Fort Boyard is a British game show devised by Jacques Antoine, based upon his format for the French game show of the same name that was first broadcast in 1990. The British version aired for five series, spanning from 16 October 1998 to 3 December 2003. The first four series were broadcast on Channel 5, concluding in December 2001. Challenge TV then revived the show for a fifth series in 2003 with a ten-part documentary series, Fort Boyard: Takes On The World, broadcast in October 2004.

It was originally presented by Melinda Messenger and starred Leslie Grantham as Boyard, and Geoffrey Bayldon as The Professor; they were replaced by Jodie Penfold, Christopher Ellison and Tom Baker as Captain Baker for the Challenge TV version. Fort Boyard later returned to UK television in January 2012 under a new format aired on children's channel CITV, Fort Boyard: Ultimate Challenge. This version ended in December 2014 after five series, the first two of which were co-produced with Disney XD in the United States.

==Background==

The origins of the British version dates back to late 1988 when broadcaster Channel 4 commissioned production company Chatsworth Television (at the time producers of Channel 4's Treasure Hunt and ITV's Interceptor, both also game shows created by Antoine) to devise a concept for a British version of the show.

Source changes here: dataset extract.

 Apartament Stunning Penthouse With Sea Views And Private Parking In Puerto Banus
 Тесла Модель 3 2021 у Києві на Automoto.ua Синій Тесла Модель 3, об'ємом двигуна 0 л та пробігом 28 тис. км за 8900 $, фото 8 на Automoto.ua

A pilot of the show funded by Channel 4 and using a basic replica set was filmed in February 1989 at Elstree Studios in London with Richard O'Brien as presenter, as the fortress intended for filming was not available at the time due to its ongoing renovations. The result was deemed unsuccessful and not broadcast, due to the considerable changes required to the French-owned format in order for it to suit a UK audience; this led to Chatsworth producer Malcolm Heyworth contacting Fort Boyards creator Jacques Antoine about developing an alternative format and proposed a new adapted idea that was substantially different in terms of presentation and style but used a similar format and the same presenter. Channel 4's alternative game show The Crystal Maze first aired on 15 February 1990, five months before the French series.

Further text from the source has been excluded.